Life ebbs and flows,
Breathing slows the movement up and down,
And I remember my stupidity back then,
You were right, and I the stubborn clown.
If I could take it back, my words in haste once thrown,
Or turn it into some prevailing good,
God knows I’d wave the wand to set it right again,
God knows, I surely would.
This surreptitious creeping hellish growth robs strong of life,
And family, and hope, and introspective friends,
And only when the last breath goes the way of exhalation,
Pain and suffering ends.
I have no fine words to say,
For in saying that, I’ve said it all before,
Nothing I can do makes any kind of sense,
And nothing is the only thing that I can bring, and more.
He lies there, skin and bones, sucked in and gaunt,
I can hardly bare to move my eyes to look,
Once in frame so strong and full of agile spring of youth,
That this bastard son of killing illness took.
You know, we talked of this day coming
Him and I, we knew it surely would,
Though it makes the pain no easier to bear
Nor lifts my sombre mood.
I greet his wife, his sons, his daughters
And treat them like they are my own,
Theirs the knife-edge sharp and searing loss
It cuts them deep, through flesh of love’s embrace, to bone.
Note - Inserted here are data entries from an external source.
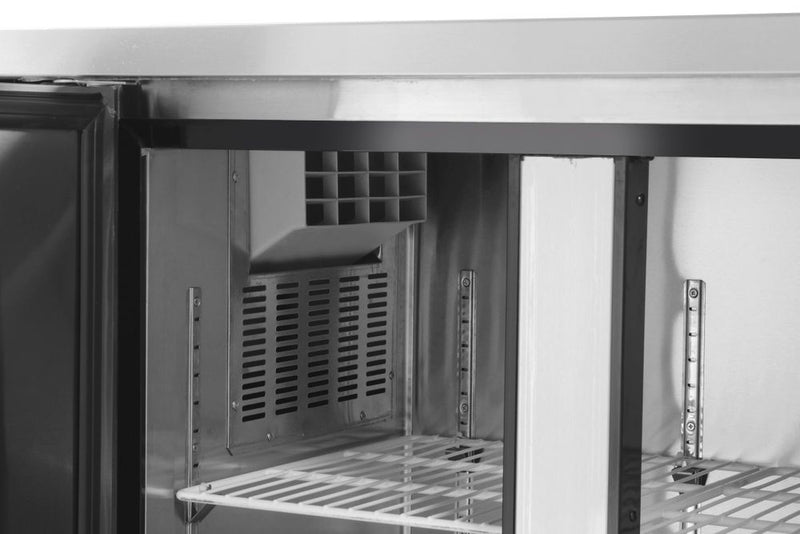 HENDI Tiefkühltisch zweitürig 220 L Kitchen Line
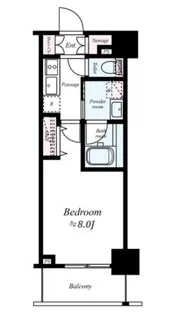 ジーベック両国【3階】の間取り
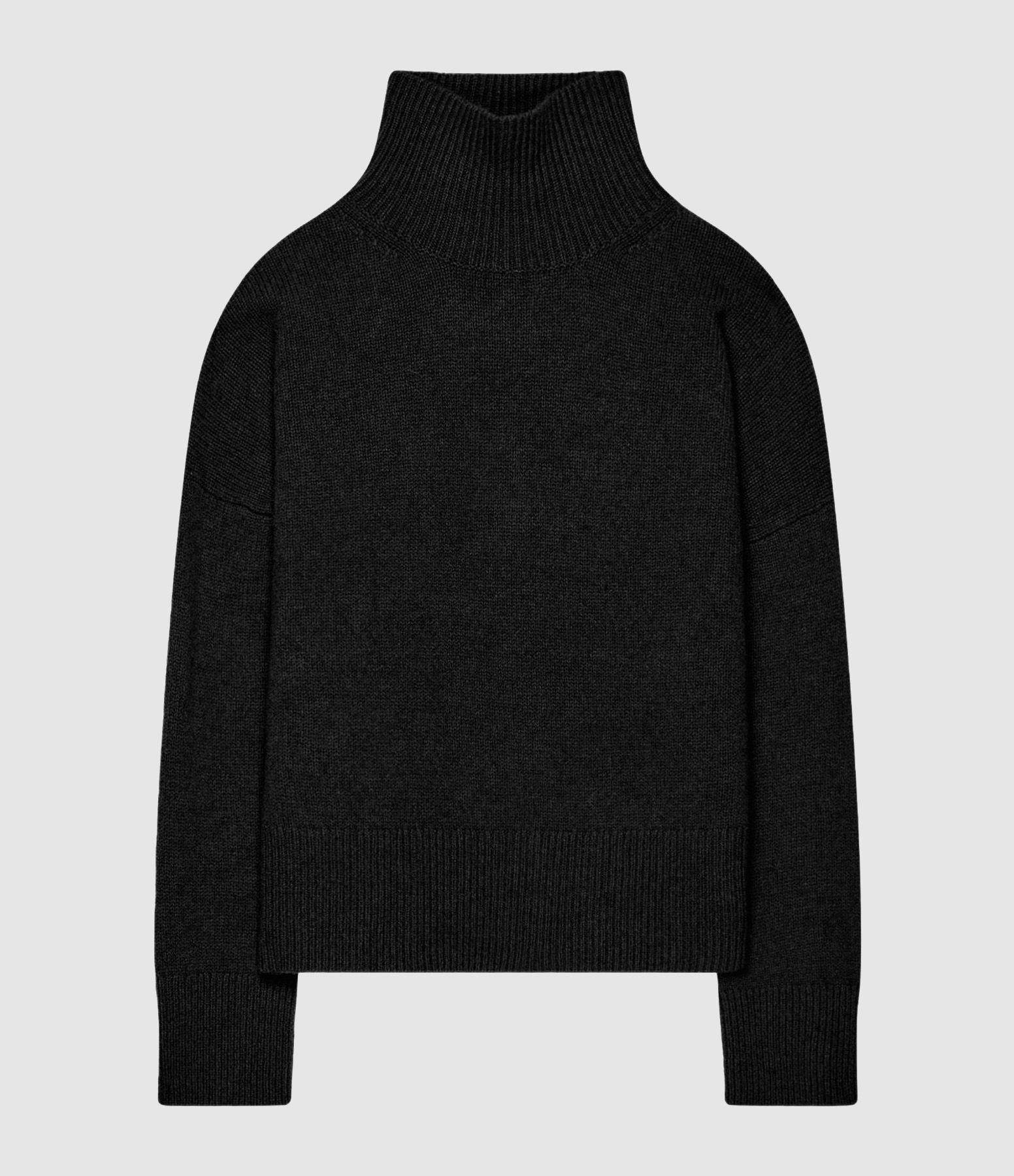 Malo Black Turtleneck Jumper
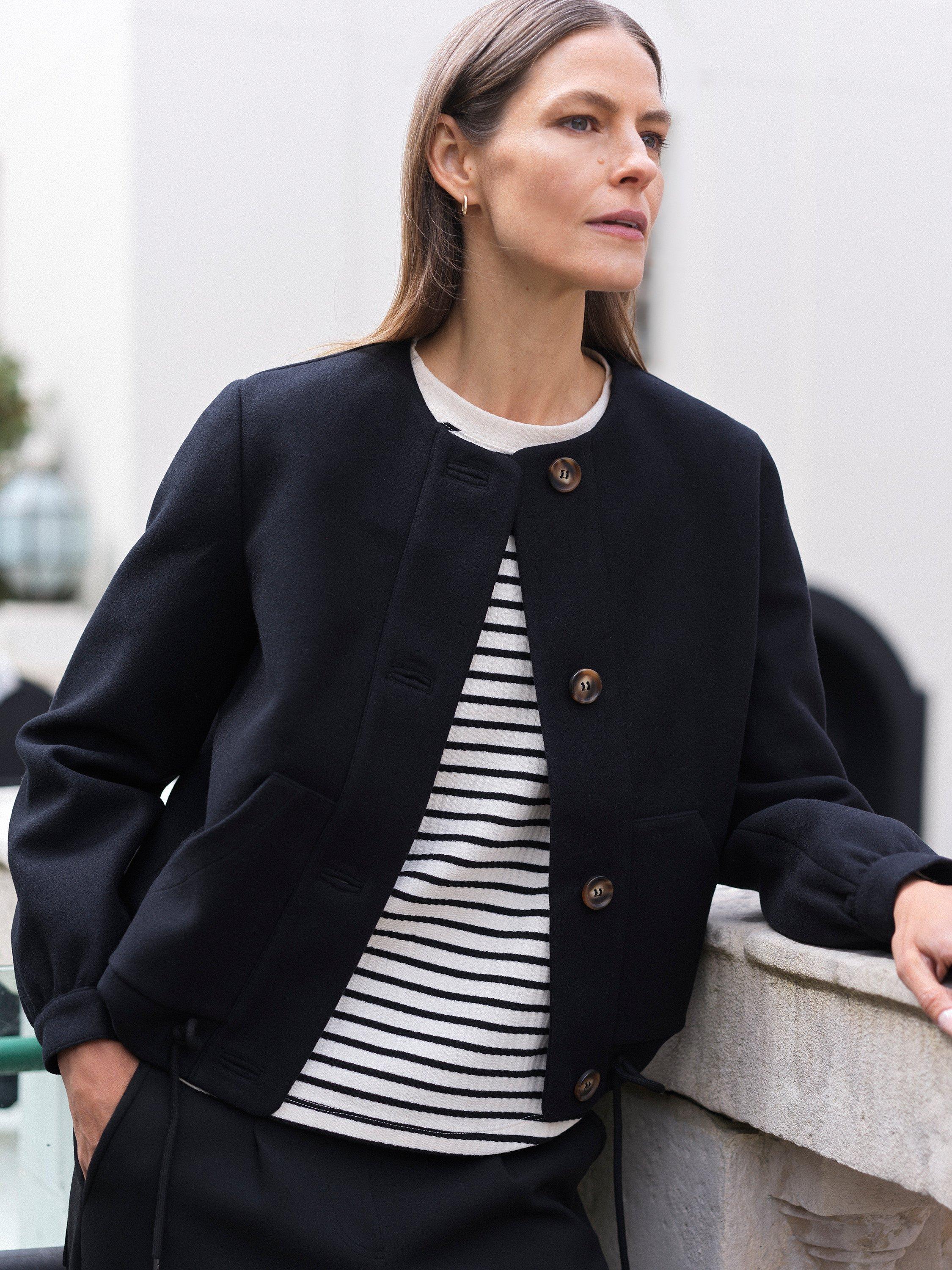 Great Plains Winter Bomber Jacket, Black 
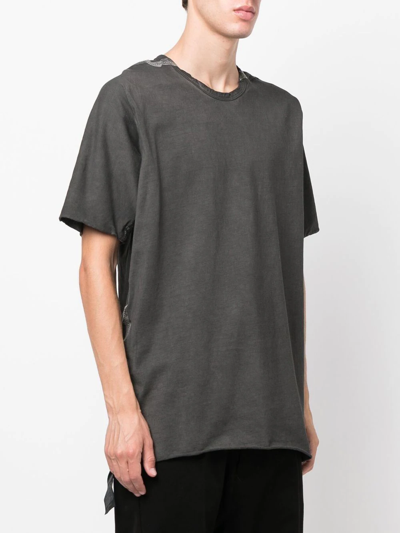 Shop Isaac Sellam Experience Basic T Organic-cotton T-shirt In Grau
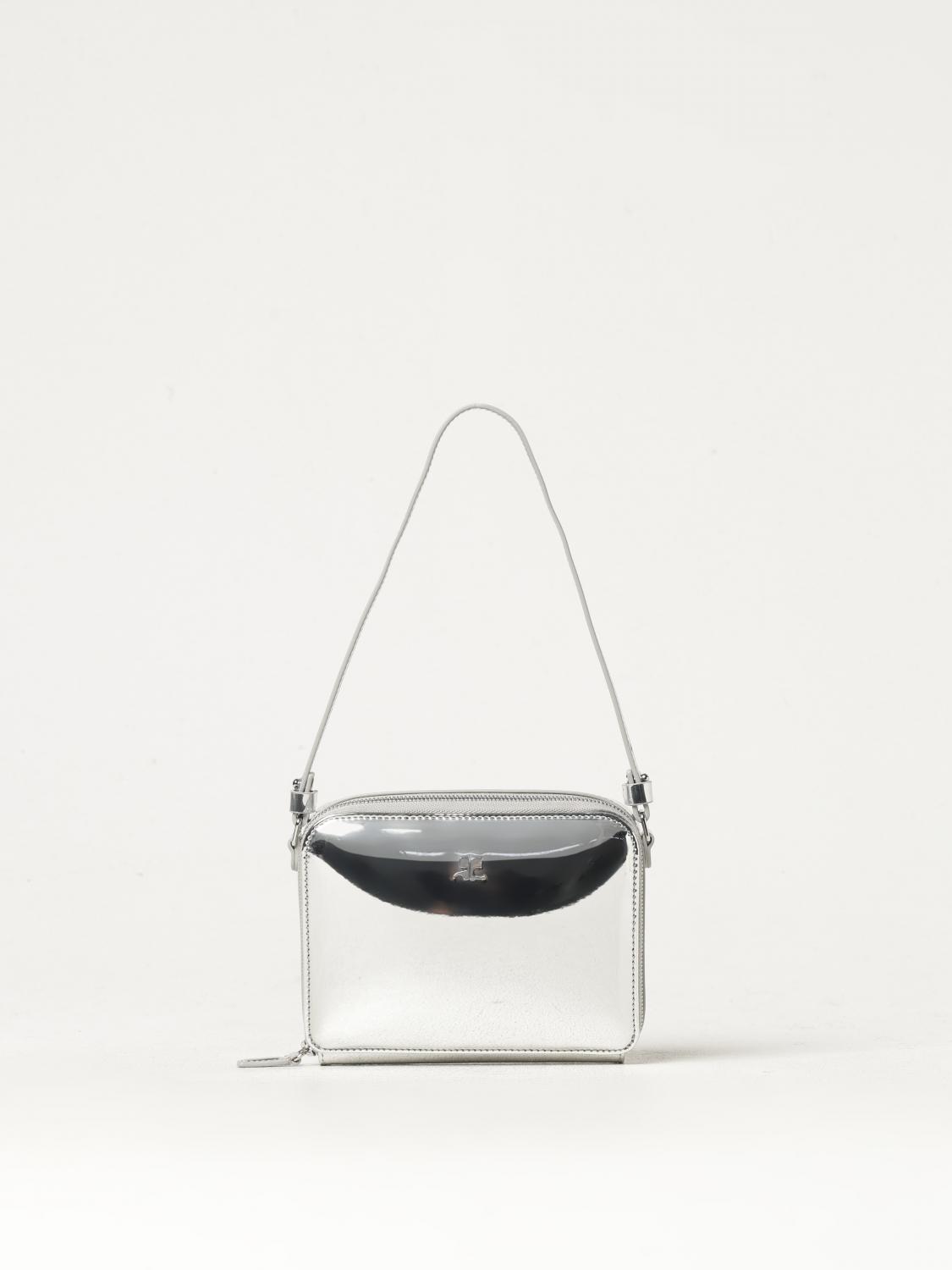 Shoulder Bag COURRÈGES Woman color Silver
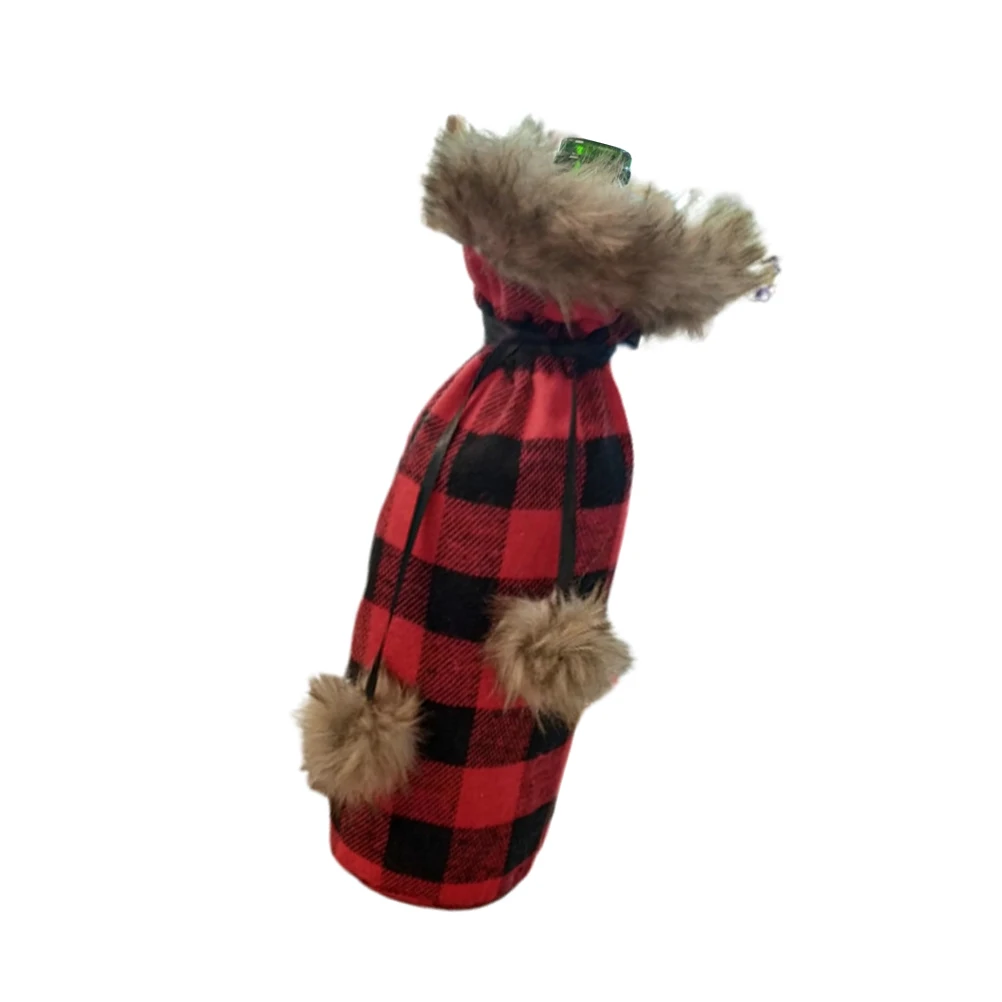 

Reusable Christmas Wine Bottle Bag Premium Cloth Sturdy Holder Dining Room Restaurant Decoration Wine Bag Holder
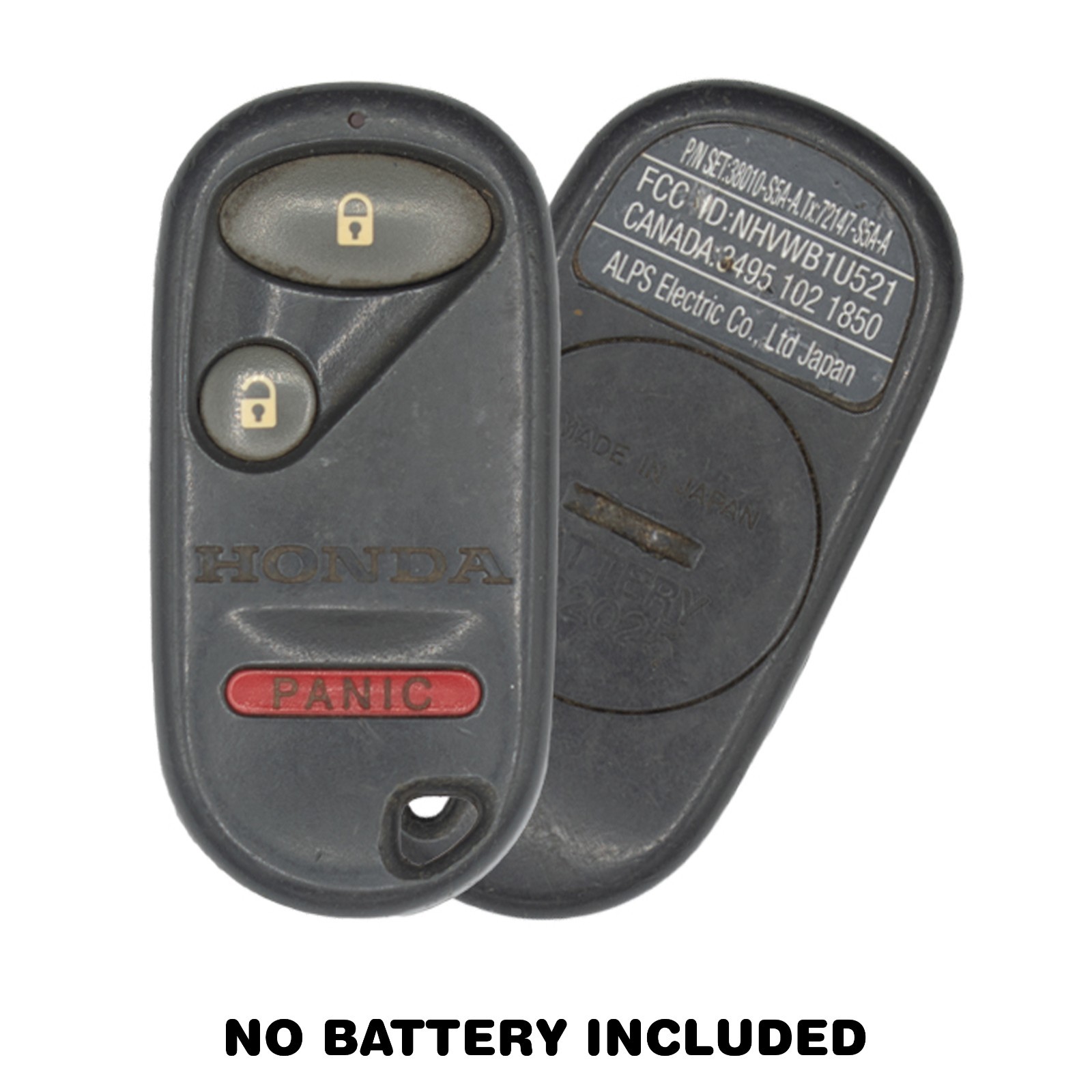 Used Remote Key Fob for Honda Civic Fit Pilot 3Bt 08E61-S5D-1M001 NHVWB1U521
And then, in mocking glance death claims him,
But here the end, in mercy, wraps from head to toe,
Like winters cloak, and so departed he
To Heaven’s gate does go. I know.
And so I cannot help but ponder
On the shortened days that we pursue in pleasure,
Our hedonistic rush to gratify our lust,
To justify ourselves in haste, or to repent at leisure,
Of deed and actions outcome,
To contemplate the impact of our each and every story,
To give, to love, to all-forgive, to see it through,
And in so doing, thus complete our ever-fleeting glory.